Зная характер Мирославы, Шура не сомневался, что при надобности она заявится и к самому Зевсу и вытащит из громовержца все необходимые ей сведения.
– И что это я вспомнил Мирославу?! – досадовал на себя Шурочка. – Лицо мраморное, впрочем, куда там мрамору до ее бесстрастия. Вот голова у нее! Хотя сама она вечно ссылается на интуицию!
Шура Наполеонов и Мирослава Волгина жили в одном дворе и дружили с раннего детства, учились в одной школе. Вернее, дружили они вчетвером – он сам, Мирослава, ее брат Виктор и Леля – еще одна девочка-сорвиголова.
Все друзья довольно быстро подросли, вытянулись, а Шура… В детстве Наполеонов безумно страдал из-за своего роста, пока дед однажды не сказал ему, что все великие мужчины были маленькие – Пушкин, Наполеон…
Повзрослев, Шура, конечно, узнал, что и среди великанов были великие, но тогда слова деда оказались панацеей для его израненного самолюбия.
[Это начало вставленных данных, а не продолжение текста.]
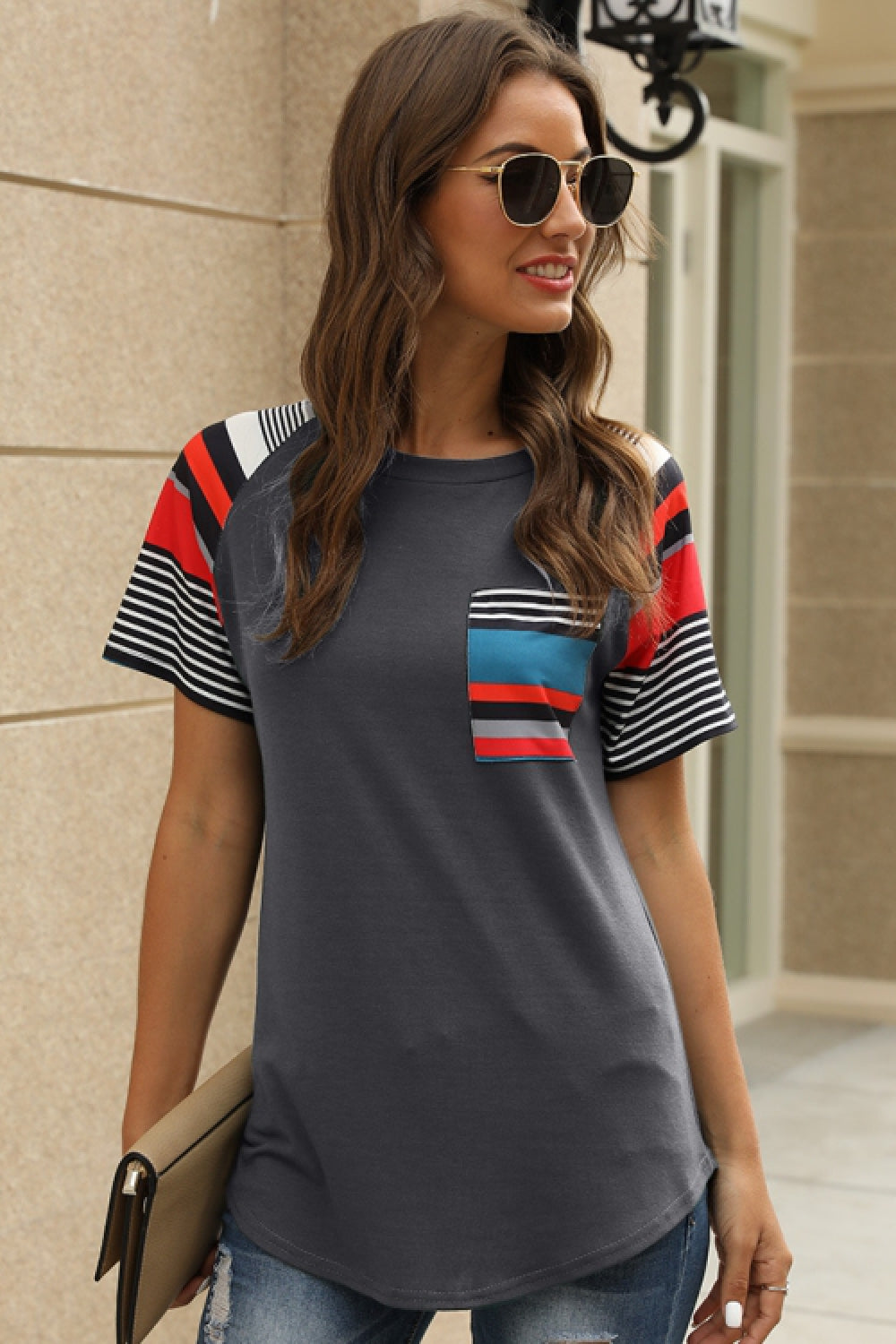 See You Again Striped  T-Shirt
Они вселили в него уверенность и дали возможность стать целеустремленным. Да и друзья всегда поддерживали его.
Дружбе их четверки многие завидовали, кто-то говорил, что после школы их компания распадется. Но это не случилось. Хотя каждый из них выбрал свою дорогу. Они с Мирославой оба подались на юридический и впоследствии стали следователями. Мирослава вскоре по ряду причин ушла на вольные хлеба, получив лицензию частного детектива. Шура же был настроен служить долго, по крайней мере, до генеральских звездочек.
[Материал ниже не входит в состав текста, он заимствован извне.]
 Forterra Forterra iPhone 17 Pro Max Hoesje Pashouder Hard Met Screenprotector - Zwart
Витя служил в спецназе и его постоянно кидали в горячие точки. А Леля с детства грезила машинами и всегда говорила: буду шофером. Однако окончила машиностроительный. А теперь и вовсе – владелица небольшого автосервиса.
С Мирославой у Шуры были наиболее близкие отношения. Чего греха таить, он нередко просил ее помочь в том или ином вопросе, ссылаясь на нехватку кадров и возможностей…
Но и сам оказывал ей посильную помощь по мере надобности.
За популярностью Мирослава не гналась, но слава хорошего детектива сама ее нашла.
Наполеонов думал о том, что неплохо было бы после дежурства поехать к ней.
С тех пор, как с Волгиной стал работать Морис Миндаугас, у Шуры в доме Волгиной появился еще один интерес – кулинарный.
Миндаугас готовил не хуже шеф-повара престижного ресторана. А Шура Наполеонов питал большую слабость к вкусно приготовленной еде.
Трапезу он называл своим хобби.
Раздумья не помешали чуткому слуху капитана уловить, что дверь библиотеки отворилась.
– Заходите, Сергей Иванович, – пригласил он, оборачиваясь.
– Лев Наумович сказал…
– Да, да. Садитесь. Расскажите мне о событиях, предшествовавших гибели Елены Константиновны Маревой.
Сергей сел на указанное кресло.
– Не знаю, с чего начать…
– Елена Константиновна была вашей невестой?
– Нет! – вырвалось у Фролова, – то есть, да.
– Так да или нет? – спросил капитан.
Фролов вместо ответа схватился за голову и глухо застонал.
– Вы ревновали Елену Константиновну?
– Нет, какой там! – Фролов глубоко вздохнул, – мы давно охладели друг к другу, – сказал он, – просто не было повода, чтобы расстаться.
– Интересно, интересно, – Шурочка внимательно рассматривал сидящего перед ним мужчину. – Значит, вы утверждаете, что разлюбили друг друга до того, как Елена Константиновна сообщила вам о ее предстоящей свадьбе с Владимиром Львовичем Замятиным?
– Да, утверждаю.
– Ваша сестра об этом знала?
Фролов вздрогнул от вопроса капитана, как от удара электрическим током.
– Так знала или нет? – повторил Наполеонов.
– Думаю, что догадывалась, – выдавил из себя Фролов.
– Вы не обсуждали с ней этого вопроса?
– Нет. Вам не кажется, капитан, что не этично лезть в душу с такими интимными вопросами? – неожиданно атаковал Сергей Иванович.
Удивление на миг промелькнуло в глазах Наполеонова. «Как тебя разобрало? – подумал он, – видать, неспроста.» И, улыбнувшись, сказал:
– Мы с вами не на посиделках, Сергей Иванович, не семечки на завалинке плюем. Погибла девушка. И я должен выяснить, кто в этом виноват.
– Простите, – промямлил молодой мужчина.
– А вы мне, надеюсь, поможете, – добавил Шура более мягким голосом.
– Никто не виноват! Я уверен! – воскликнул Фролов.